* INPUT MATERIAL *
##########
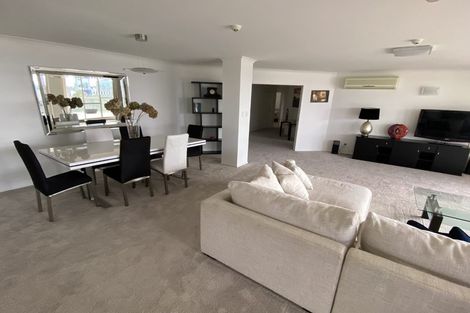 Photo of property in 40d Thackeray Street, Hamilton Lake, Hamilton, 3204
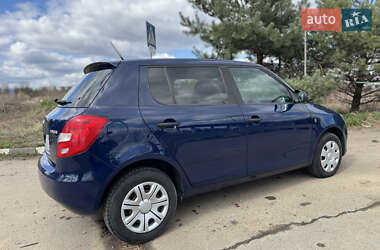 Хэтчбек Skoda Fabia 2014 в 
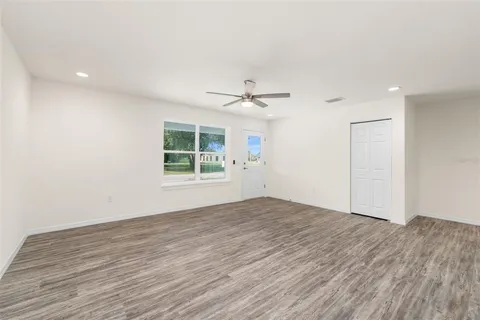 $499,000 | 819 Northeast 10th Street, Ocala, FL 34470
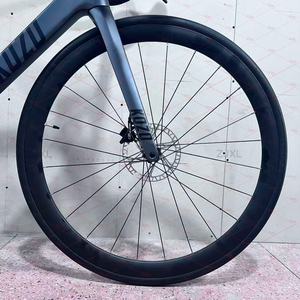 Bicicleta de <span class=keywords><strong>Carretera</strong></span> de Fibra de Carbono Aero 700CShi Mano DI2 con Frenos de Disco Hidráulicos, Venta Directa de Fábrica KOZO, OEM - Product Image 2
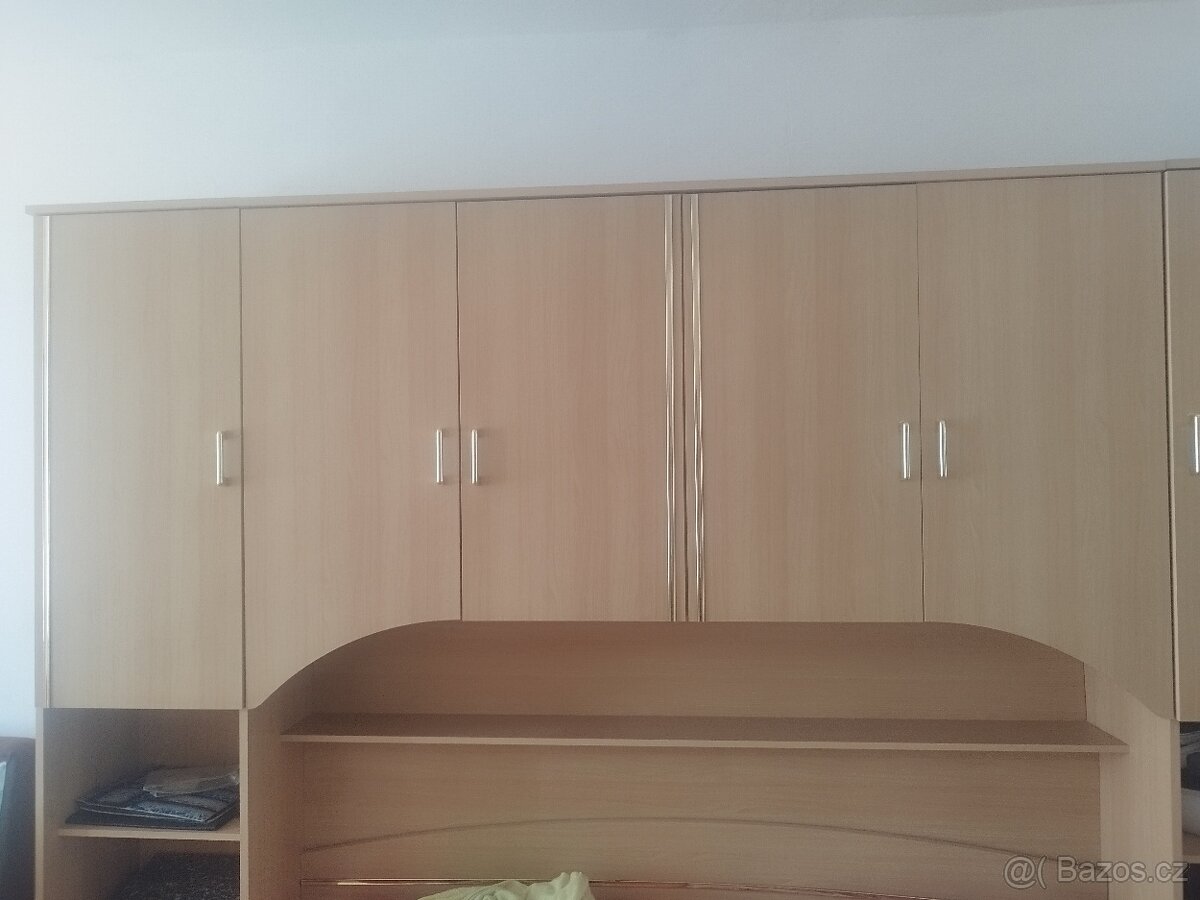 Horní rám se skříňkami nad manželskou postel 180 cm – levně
##########
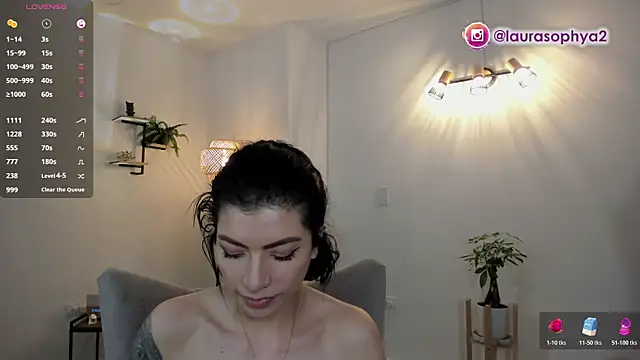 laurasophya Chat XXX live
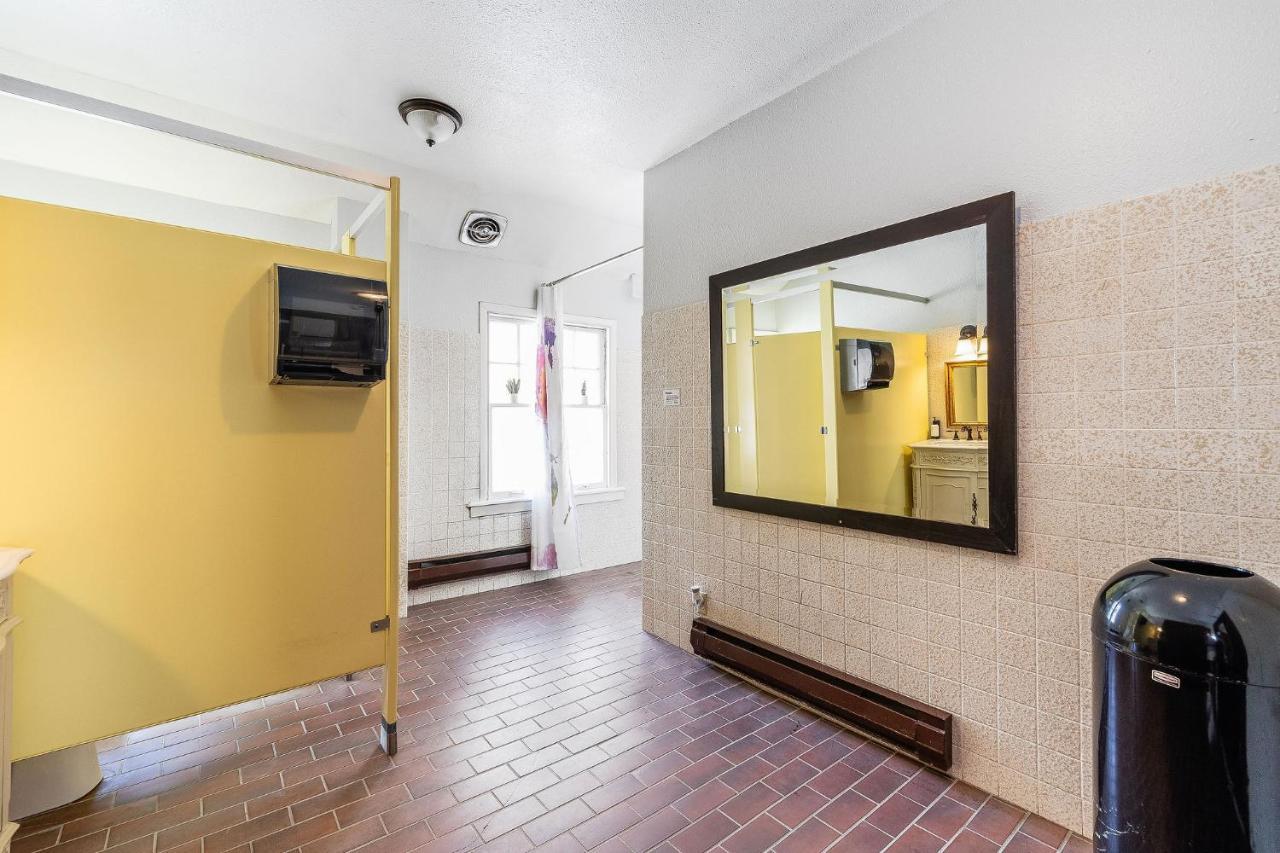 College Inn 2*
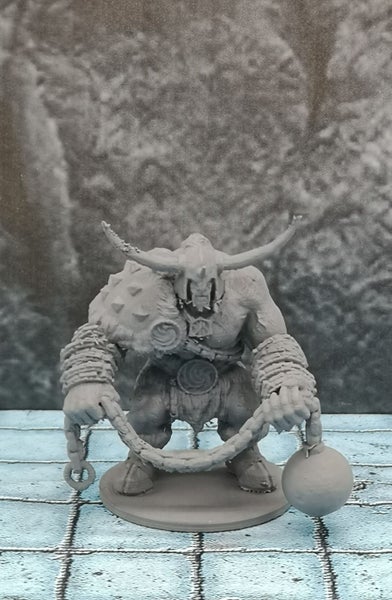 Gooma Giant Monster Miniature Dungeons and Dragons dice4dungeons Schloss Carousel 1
##########
* EXERCISE PROMPT *
Range to copy from the listing above: the line with "laurasophya Chat XXX live" through the line with "Gooma Giant Monster". Transcribe it exactly and skip the pictures.

* SOLUTION TO THIS PROBLEM *
 laurasophya Chat XXX live
 College Inn 2*
 Gooma Giant Monster Miniature Dungeons and Dragons dice4dungeons Schloss Carousel 1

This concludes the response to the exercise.